(Stored items)

————

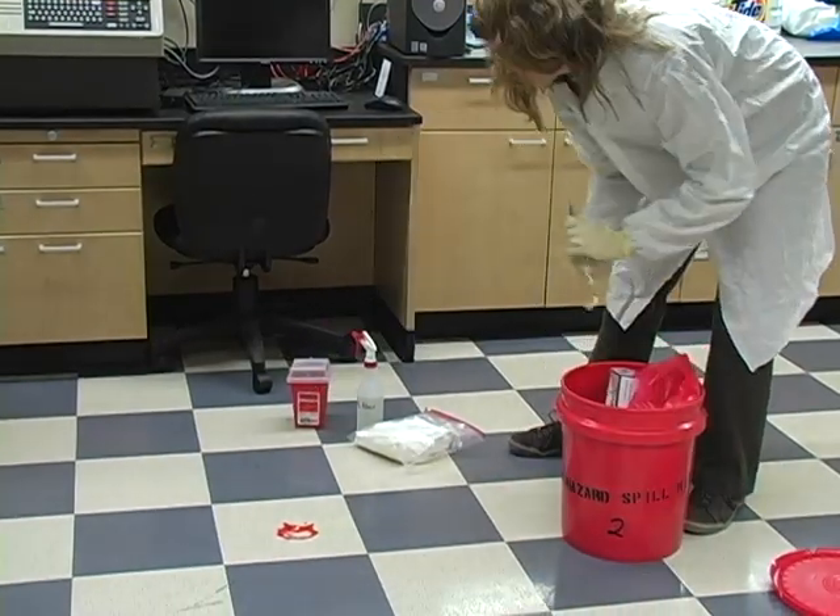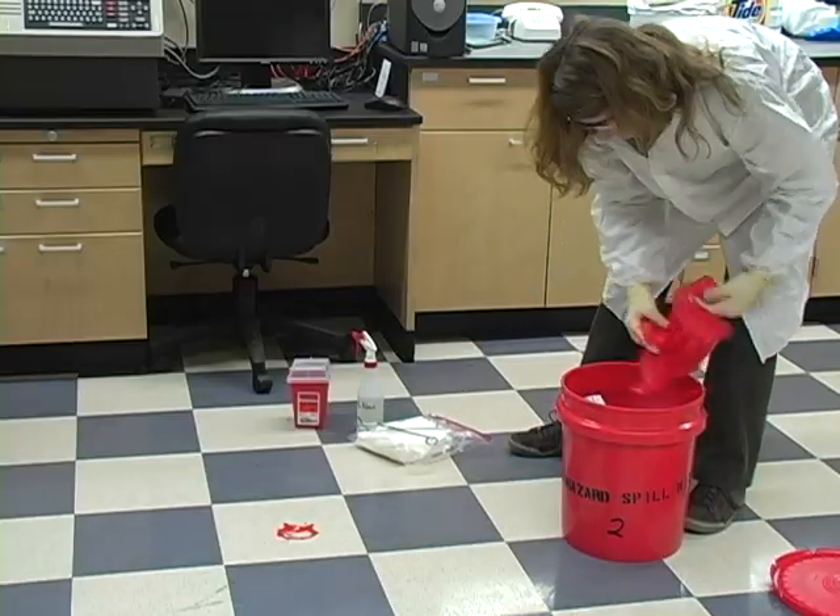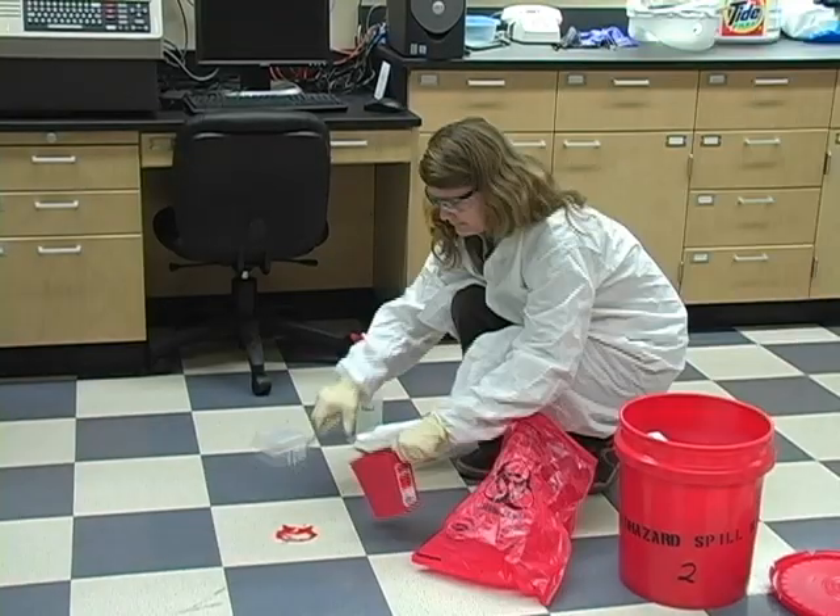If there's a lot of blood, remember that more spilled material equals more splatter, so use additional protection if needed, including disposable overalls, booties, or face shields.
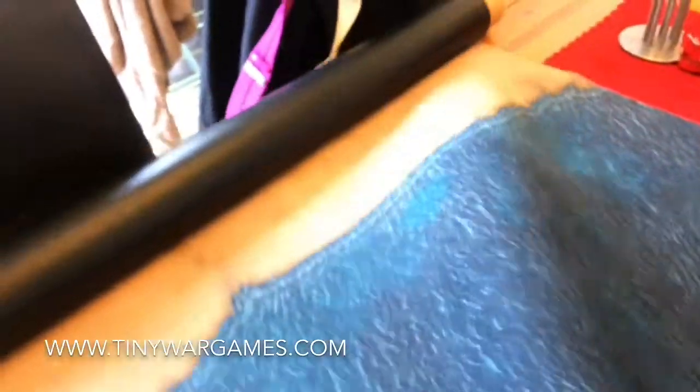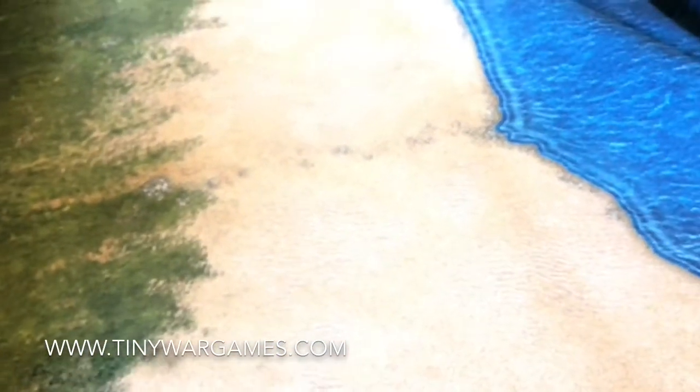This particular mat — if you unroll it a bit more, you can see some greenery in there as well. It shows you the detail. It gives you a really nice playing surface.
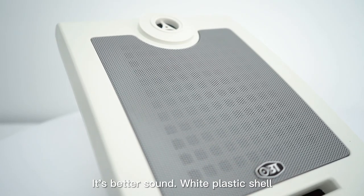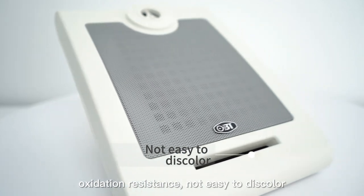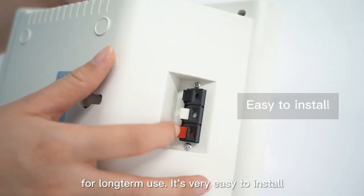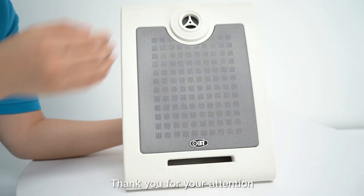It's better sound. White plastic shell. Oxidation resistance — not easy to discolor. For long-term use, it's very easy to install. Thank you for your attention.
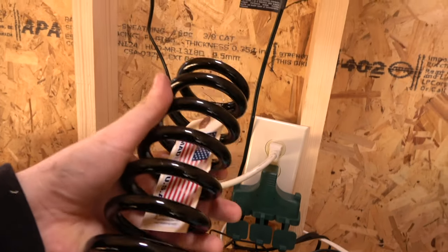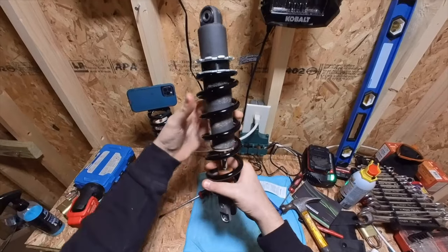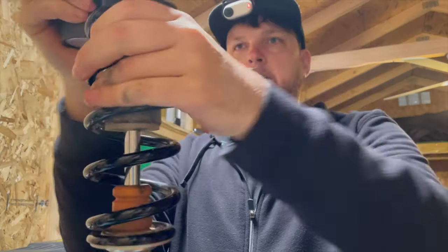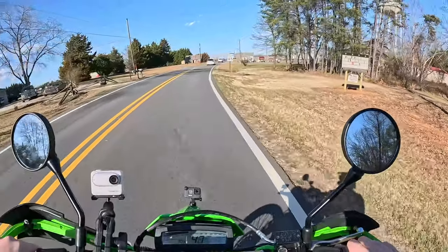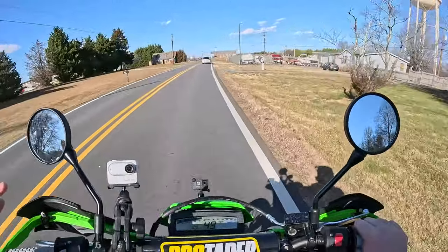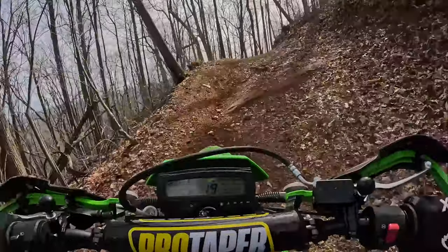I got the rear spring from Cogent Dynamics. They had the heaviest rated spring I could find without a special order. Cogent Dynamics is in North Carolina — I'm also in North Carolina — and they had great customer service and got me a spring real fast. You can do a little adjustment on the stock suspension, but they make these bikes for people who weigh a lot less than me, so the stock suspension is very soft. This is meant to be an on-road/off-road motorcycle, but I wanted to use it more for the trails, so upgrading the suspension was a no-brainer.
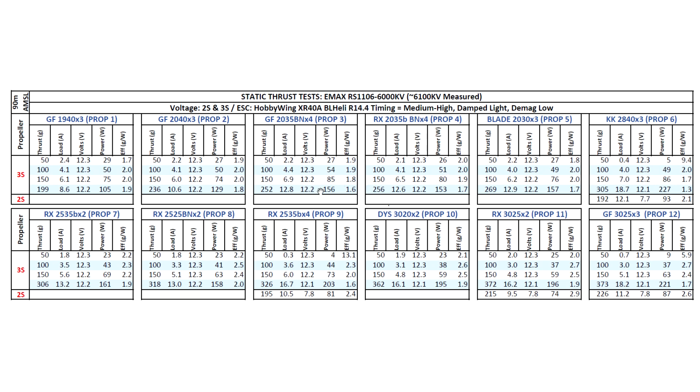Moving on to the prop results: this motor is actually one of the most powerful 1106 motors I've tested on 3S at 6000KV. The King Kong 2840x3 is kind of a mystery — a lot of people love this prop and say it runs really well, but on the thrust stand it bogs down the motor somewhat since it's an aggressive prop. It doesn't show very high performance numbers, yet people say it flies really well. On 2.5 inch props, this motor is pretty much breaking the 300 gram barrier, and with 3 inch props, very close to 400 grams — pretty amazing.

————

§ WHAT TO DO
Exactly as they stand, set down all of the entries above, minus every picture.

§ ANSWER AREA
If there's a lot of blood, remember that more spilled material equals more splatter, so use additional protection if needed, including disposable overalls, booties, or face shields.
This particular mat — if you unroll it a bit more, you can see some greenery in there as well. It shows you the detail. It gives you a really nice playing surface.
It's better sound. White plastic shell. Oxidation resistance — not easy to discolor. For long-term use, it's very easy to install. Thank you for your attention.
I got the rear spring from Cogent Dynamics. They had the heaviest rated spring I could find without a special order. Cogent Dynamics is in North Carolina — I'm also in North Carolina — and they had great customer service and got me a spring real fast. You can do a little adjustment on the stock suspension, but they make these bikes for people who weigh a lot less than me, so the stock suspension is very soft. This is meant to be an on-road/off-road motorcycle, but I wanted to use it more for the trails, so upgrading the suspension was a no-brainer.
Moving on to the prop results: this motor is actually one of the most powerful 1106 motors I've tested on 3S at 6000KV. The King Kong 2840x3 is kind of a mystery — a lot of people love this prop and say it runs really well, but on the thrust stand it bogs down the motor somewhat since it's an aggressive prop. It doesn't show very high performance numbers, yet people say it flies really well. On 2.5 inch props, this motor is pretty much breaking the 300 gram barrier, and with 3 inch props, very close to 400 grams — pretty amazing.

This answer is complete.